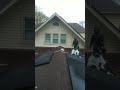 I'll be fun they said!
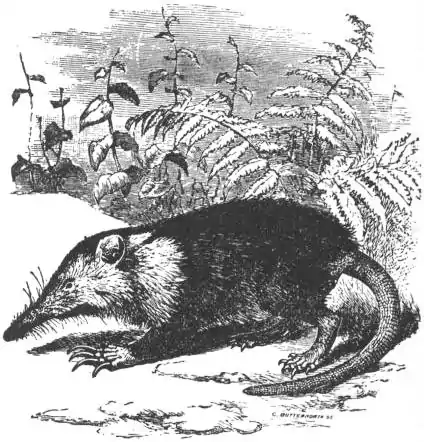 EB1911 Insectivora — Fig. 11.—Solenodon cubanus.jpg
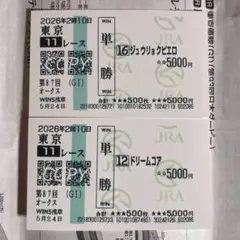 スティルインラブ アドマイヤグルーヴ オークス 単勝馬券 - メルカリ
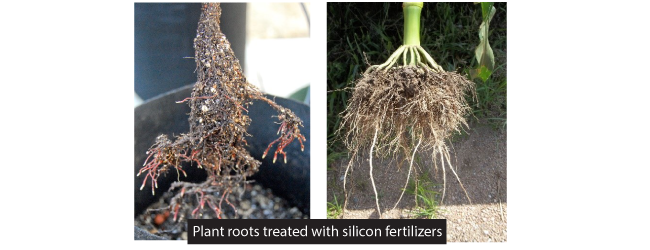 Lợi ích của Silicon đối với sự phát triển của cây trồng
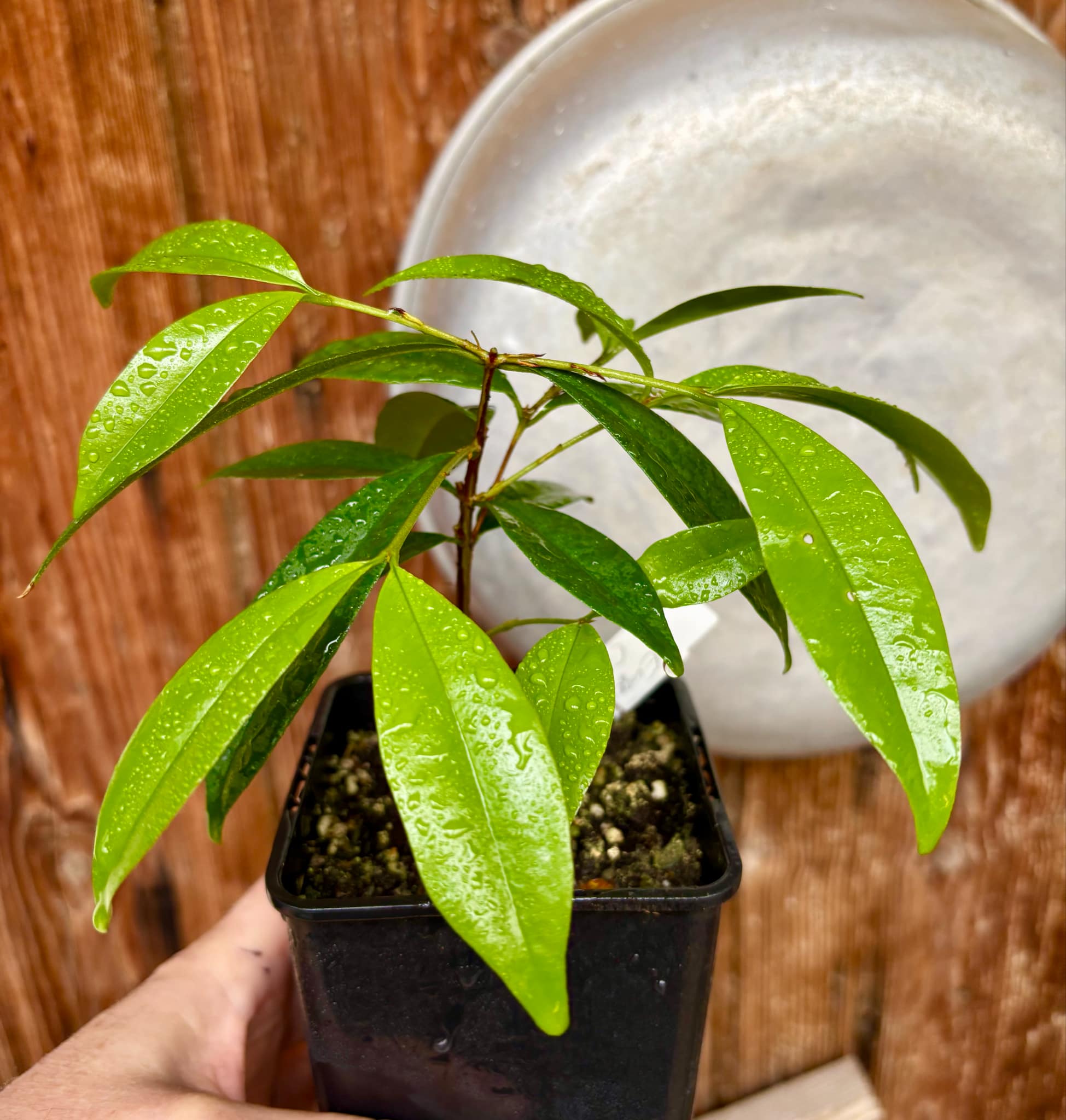 Eugenia sp Cereja Grande da Bahia - 1 potted plant / 1 getopfte Pflanze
§
■ ABOUT THIS TASK ■
The lines to copy run from the one with "EB1911 Insectivora —" through the end of the material. Write them out exactly, leaving out the pictures.

■ THE COMPLETED TASK ■
 EB1911 Insectivora — Fig. 11.—Solenodon cubanus.jpg
 スティルインラブ アドマイヤグルーヴ オークス 単勝馬券 - メルカリ
 Lợi ích của Silicon đối với sự phát triển của cây trồng
 Eugenia sp Cereja Grande da Bahia - 1 potted plant / 1 getopfte Pflanze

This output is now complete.